Current electronic devices employ more and more resources to implement multiple applications requiring a satisfactory level of security, such as payment applications for example.
To do this, sensitive applications and data are generally stored in masked form and they must be unmasked to be used.
Thus, the masked data must be unmasked prior to each time they are used, since to maintain their security they are not stored in plain form in the electronic device.
Additionally, in the case where the masked data represent instructions for implementing an application, the number of bits to be unmasked prior to the execution of this application in the electronic device is sometimes very large. Thus, the unmasking can be tedious in itself.
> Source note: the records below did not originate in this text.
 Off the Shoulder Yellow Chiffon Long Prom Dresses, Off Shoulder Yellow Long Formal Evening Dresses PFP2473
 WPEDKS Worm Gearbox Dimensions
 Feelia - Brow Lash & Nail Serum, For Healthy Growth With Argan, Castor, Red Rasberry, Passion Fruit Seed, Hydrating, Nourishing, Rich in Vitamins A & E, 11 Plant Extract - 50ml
The expression “data in masked form” means that the data are not in plain form, in other words that they are concealed or hidden, i.e. unusable in their present state.
Conversely, the expression “unmasked data” means that the data are in plain form and that they can be executed, processed or used in their present state.
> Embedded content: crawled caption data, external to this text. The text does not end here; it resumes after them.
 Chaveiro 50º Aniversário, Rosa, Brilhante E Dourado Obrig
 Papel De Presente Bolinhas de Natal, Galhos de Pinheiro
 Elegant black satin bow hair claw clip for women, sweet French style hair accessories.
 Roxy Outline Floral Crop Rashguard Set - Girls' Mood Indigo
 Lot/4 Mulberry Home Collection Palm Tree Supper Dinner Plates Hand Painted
These unmasked data are vulnerable to a spying device for example, which is why they are generally not stored in this form in electronic devices.
Generally, data can be masked using a cryptographic algorithm defining an algorithm for ciphering these data. Correspondingly, masked data can be unmasked using a cryptographic algorithm defining an algorithm for deciphering these masked data.
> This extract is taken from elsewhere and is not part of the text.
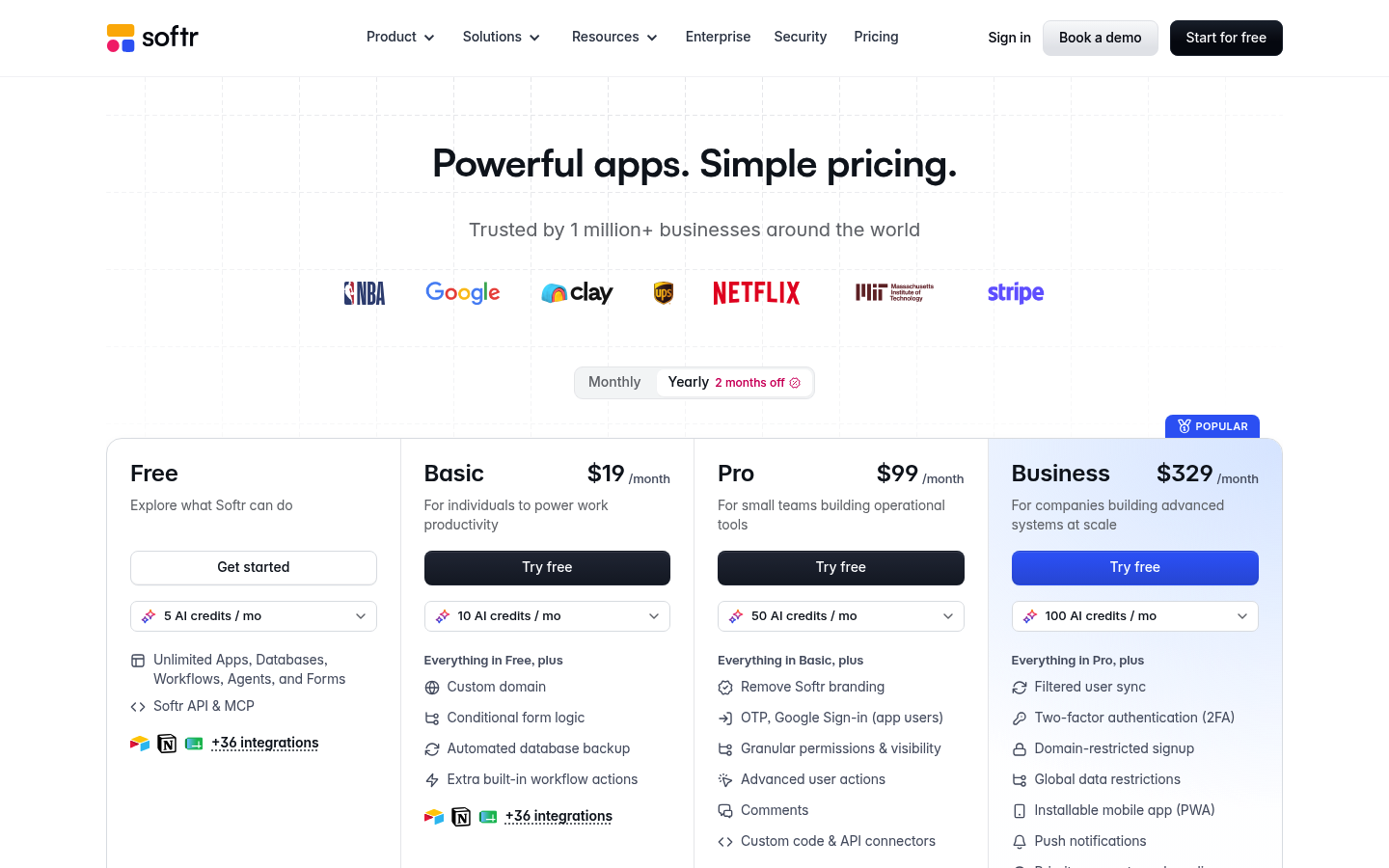 Screenshot of Softr's pricing page showing its plans and prices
Thus, such ciphering and deciphering algorithms are generally designed so as to be used jointly, typically to mask and unmask data, within one and the same cryptographic algorithm.
In particular, standard cryptographic algorithms exist that define the respective roles of the ciphering and deciphering algorithms. Among the standard cryptographic algorithms currently used in electronic devices, block cipher algorithms are particularly well known, such as for example the AES (Advanced Encryption Standard) defined in the ISO/IEC 18033-3 standard, section 5.2.
Although it is a symmetric algorithm (the deciphering consists in inverting the ciphering operations), the AES exhibits the peculiarity of using resources asymmetrically in the course of the ciphering and deciphering. Specifically, the ciphering takes less computing time than the deciphering.
In the context of electronic devices with limited memory, such as smart cards, the difference in performance between the ciphering and deciphering of data can be up to 30%.
The computing time due to these security operations is therefore considerable, particularly when the number of bits of the data to be unmasked is very large (e.g. an application) or else when the data are unmasked each time they are used.